EXCERPTED DATA section start
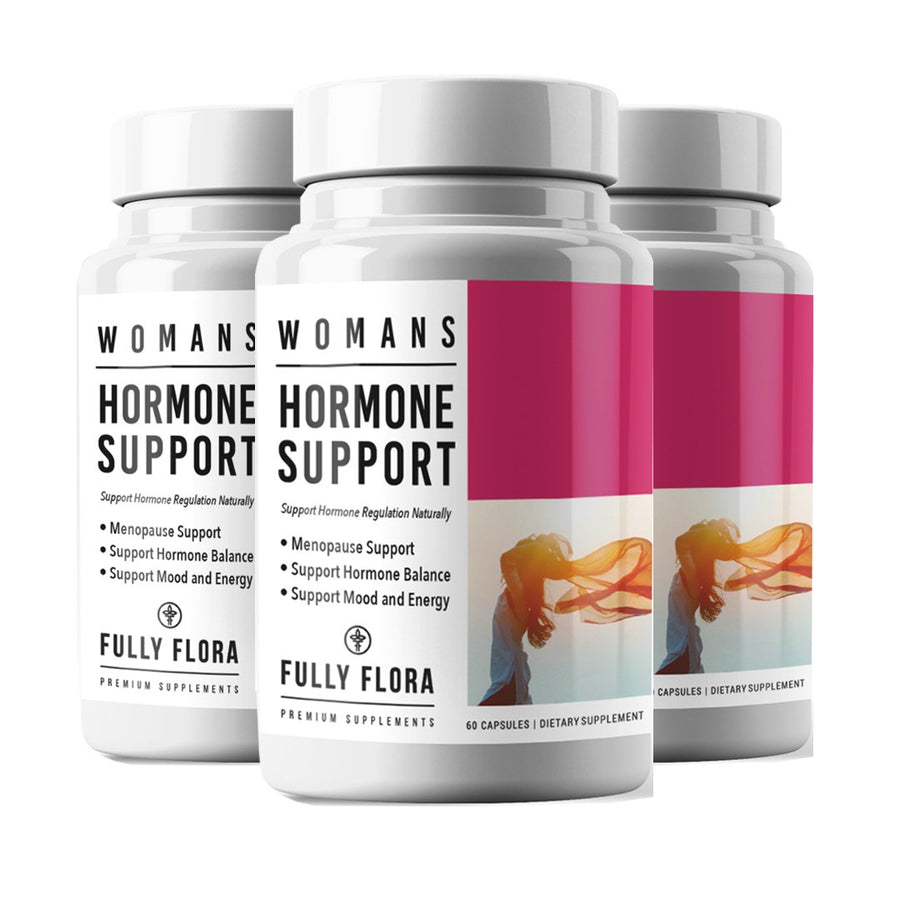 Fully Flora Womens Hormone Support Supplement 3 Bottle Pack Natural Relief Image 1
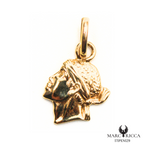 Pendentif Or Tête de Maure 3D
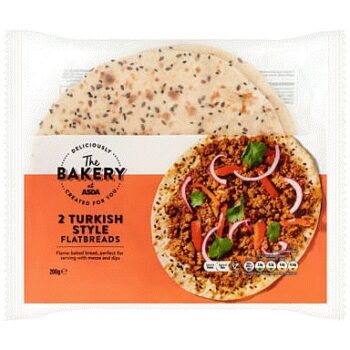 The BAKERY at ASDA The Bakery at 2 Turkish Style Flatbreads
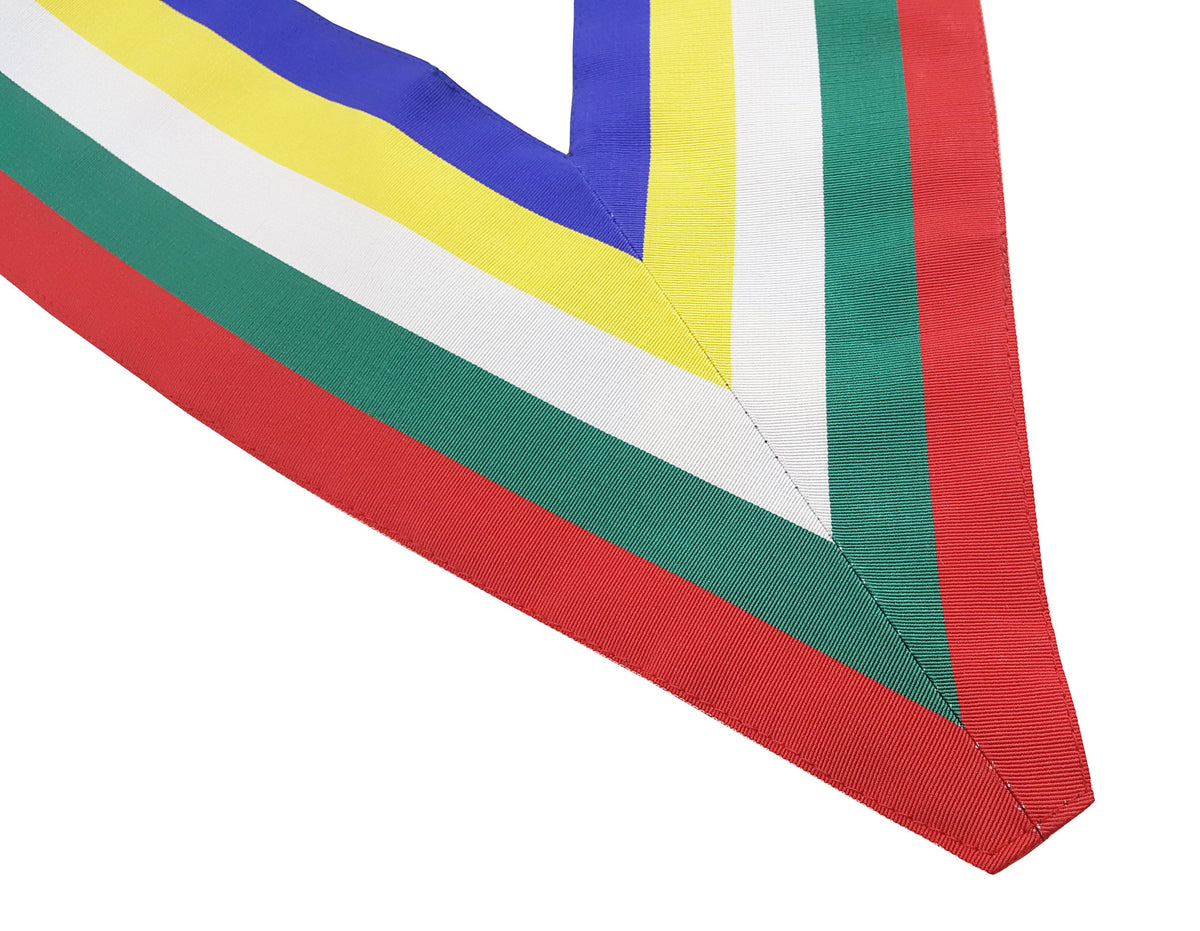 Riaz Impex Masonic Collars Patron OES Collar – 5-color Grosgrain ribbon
EXCERPTED DATA section end
EXCERPTED DATA section start
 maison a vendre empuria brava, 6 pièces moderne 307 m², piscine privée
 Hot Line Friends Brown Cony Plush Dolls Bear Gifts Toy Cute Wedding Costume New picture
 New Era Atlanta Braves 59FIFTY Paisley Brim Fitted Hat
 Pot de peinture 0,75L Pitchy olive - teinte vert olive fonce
EXCERPTED DATA section end
→ TRY IT: Exactly the lines above from the one that contains "Pendentif Or Tête de Maure 3D" down to the one that contains "Riaz Impex Masonic" are to be output, both ends kept and pictures omitted.

→ SOLUTION:
 Pendentif Or Tête de Maure 3D
 The BAKERY at ASDA The Bakery at 2 Turkish Style Flatbreads
 Riaz Impex Masonic Collars Patron OES Collar – 5-color Grosgrain ribbon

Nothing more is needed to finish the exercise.